I recently came out of a long-term relationship, so I’m aware I might be a bit emotionally sensitive and maybe overthinking this more than I usually would.
There was a guy at my gym who I started noticing after my breakup. He saw me properly on a night out and approached me, he came at me quite hot and heavy. He seemed really keen at the time, eye contact, asking questions, making it feel like there was chemistry, etc. We exchanged numbers and had some normal conversations afterwards, in between moments where he was being very flirty – I did gently let him know I need time for all that. He asked me to teach him to play tennis and we tried to organise a day to see each other, but as time got closer the plans kept changing, and then on the day we were supposed to meet there was nothing solid, I suggested some stuff and he was like oh we should do the weekend so we have more time. I suggested a festival and he said he was tempted but he wasn’t really making much effort so I just let the conversation die and gave it some space to breathe.
Then the energy got weird. We didn’t see each other at the gym for about a week, and I noticed his WhatsApp profile picture disappeared, which made me wonder if he’d deleted my number or changed his privacy settings. I later saw him on Hinge and his profile said he was looking for something casual/short-term. A lot of the talking points he’d used with me were also basically on his profile, which made me realise maybe he’s just someone who has a flirty “set” and enjoys the moment more than actually getting to know someone.
I didn’t like him on Hinge or message him. I decided to just leave it.

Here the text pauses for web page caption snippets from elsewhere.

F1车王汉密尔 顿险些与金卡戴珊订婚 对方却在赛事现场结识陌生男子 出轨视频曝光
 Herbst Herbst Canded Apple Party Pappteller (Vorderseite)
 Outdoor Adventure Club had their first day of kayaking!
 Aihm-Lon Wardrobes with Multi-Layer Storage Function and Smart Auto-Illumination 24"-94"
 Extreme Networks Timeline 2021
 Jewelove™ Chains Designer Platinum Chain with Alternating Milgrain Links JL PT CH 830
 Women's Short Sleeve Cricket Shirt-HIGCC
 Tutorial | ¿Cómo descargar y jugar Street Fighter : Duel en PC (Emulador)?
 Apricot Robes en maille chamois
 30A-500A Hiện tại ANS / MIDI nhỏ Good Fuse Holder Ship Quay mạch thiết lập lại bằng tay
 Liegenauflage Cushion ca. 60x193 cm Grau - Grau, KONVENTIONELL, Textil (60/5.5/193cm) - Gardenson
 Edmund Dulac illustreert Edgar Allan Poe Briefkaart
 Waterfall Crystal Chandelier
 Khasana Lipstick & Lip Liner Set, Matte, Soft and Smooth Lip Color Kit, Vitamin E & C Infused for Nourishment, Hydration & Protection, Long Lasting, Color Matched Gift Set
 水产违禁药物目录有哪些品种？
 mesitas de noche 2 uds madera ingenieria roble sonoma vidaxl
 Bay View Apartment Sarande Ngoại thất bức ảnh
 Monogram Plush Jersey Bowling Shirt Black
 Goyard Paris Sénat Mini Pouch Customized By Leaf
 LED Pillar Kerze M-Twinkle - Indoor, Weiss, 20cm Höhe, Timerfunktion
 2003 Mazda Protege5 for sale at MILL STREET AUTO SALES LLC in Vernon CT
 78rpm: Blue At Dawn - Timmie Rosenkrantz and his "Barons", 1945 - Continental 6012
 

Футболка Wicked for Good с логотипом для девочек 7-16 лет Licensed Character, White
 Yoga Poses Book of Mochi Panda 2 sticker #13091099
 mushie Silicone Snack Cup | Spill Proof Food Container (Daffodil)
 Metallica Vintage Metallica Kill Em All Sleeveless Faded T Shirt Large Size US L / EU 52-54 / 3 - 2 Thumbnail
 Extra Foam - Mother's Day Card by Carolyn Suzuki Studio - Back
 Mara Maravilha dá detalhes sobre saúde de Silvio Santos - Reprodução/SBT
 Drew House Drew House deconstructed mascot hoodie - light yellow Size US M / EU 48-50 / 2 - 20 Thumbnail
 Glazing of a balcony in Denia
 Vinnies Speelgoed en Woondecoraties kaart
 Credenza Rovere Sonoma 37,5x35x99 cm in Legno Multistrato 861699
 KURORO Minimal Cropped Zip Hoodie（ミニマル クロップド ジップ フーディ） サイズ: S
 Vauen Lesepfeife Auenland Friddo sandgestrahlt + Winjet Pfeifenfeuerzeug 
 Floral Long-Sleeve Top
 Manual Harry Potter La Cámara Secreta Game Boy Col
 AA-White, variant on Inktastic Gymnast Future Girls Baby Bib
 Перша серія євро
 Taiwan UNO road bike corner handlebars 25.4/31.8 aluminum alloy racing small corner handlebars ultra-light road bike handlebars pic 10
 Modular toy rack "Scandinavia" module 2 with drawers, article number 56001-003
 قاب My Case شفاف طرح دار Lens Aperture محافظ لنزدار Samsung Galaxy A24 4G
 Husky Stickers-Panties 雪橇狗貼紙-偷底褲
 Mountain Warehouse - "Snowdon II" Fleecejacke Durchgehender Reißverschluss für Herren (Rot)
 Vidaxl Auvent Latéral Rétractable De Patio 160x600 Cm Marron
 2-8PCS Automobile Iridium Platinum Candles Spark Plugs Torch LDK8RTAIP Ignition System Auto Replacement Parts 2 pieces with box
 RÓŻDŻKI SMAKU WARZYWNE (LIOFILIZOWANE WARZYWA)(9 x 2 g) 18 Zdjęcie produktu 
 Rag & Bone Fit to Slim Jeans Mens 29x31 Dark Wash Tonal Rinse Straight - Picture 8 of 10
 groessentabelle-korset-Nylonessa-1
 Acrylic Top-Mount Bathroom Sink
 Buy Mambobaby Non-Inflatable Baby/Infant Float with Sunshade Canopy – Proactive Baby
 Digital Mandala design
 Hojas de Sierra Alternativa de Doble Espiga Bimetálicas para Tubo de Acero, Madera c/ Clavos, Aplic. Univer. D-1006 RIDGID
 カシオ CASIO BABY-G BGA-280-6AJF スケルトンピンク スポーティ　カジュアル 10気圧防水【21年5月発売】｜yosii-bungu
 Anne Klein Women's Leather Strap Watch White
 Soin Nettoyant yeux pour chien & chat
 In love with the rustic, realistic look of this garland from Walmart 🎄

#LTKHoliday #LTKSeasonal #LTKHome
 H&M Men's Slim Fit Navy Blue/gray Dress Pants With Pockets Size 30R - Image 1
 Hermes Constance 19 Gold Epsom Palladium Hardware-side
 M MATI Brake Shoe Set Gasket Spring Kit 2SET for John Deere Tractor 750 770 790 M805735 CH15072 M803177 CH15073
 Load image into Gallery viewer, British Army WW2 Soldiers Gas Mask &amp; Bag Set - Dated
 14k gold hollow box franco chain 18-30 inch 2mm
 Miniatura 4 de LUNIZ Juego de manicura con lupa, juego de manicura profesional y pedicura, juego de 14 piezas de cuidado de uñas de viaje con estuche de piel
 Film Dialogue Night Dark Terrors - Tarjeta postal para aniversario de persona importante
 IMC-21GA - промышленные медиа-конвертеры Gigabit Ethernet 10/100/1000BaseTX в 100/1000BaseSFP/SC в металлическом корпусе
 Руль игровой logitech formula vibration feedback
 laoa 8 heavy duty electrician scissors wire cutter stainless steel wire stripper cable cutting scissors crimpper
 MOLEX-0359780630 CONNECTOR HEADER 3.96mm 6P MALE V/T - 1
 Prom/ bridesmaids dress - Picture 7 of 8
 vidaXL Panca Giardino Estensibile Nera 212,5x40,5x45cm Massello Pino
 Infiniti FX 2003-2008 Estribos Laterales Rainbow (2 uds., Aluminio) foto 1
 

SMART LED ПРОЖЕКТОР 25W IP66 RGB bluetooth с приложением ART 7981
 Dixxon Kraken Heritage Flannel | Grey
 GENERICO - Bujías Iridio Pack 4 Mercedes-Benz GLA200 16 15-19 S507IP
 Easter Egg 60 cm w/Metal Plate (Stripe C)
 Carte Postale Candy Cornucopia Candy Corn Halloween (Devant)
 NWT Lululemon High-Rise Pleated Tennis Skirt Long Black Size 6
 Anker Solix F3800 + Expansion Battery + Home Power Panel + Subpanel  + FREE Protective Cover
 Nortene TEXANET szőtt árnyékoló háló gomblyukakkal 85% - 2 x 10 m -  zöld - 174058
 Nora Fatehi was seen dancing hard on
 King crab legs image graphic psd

Then I saw him at the gym again yesterday. He seemed like he was avoiding me, which made the whole thing feel even more awkward. I didn’t want to skulk around or act like I had something to be embarrassed about, so I went up to him once and just said hi in a normal way. He was a bit dismissive, basically just “hi, you alright” and immediately turned away like he wanted to go back to what he was doing. I just said good and walked away.
Now I feel embarrassed and weird, even though logically I know saying hi to someone you’ve already spoken to is normal. I’m not planning to approach him again. If he wants to be awkward, that’s his choice.
I think what’s bothering me is that he created such a charged energy at first, then acted like I was weird for acknowledging him in real life. It’s made me question whether I looked desperate, even though all I did was say hi once and respond to his flirting.
I also know part of me probably projected onto him because I’m newly single and wanted to feel chosen/desired again. If I’m being honest, I think I built a story in my head that wasn’t really backed up by his behaviour.
So my question is: did I do anything embarrassing by saying hi once, or is he just being socially weird/avoidant? And is this just what casual dating/flirting is like now?
TDLR:
Guy from my gym flirted with me heavily on a night out, we exchanged numbers, then his energy got weird. I later saw his Hinge says he’s looking for casual/short-term, which made me realise I may have read more into the chemistry than he intended. When I saw him at the gym again, I said hi once to make things normal, but he was dismissive. Now I feel embarrassed, even though I know saying hi to someone you’ve already spoken to is normal. Is he just avoidant/socially awkward and trying to get easy access? Is this normal casual men behaviour?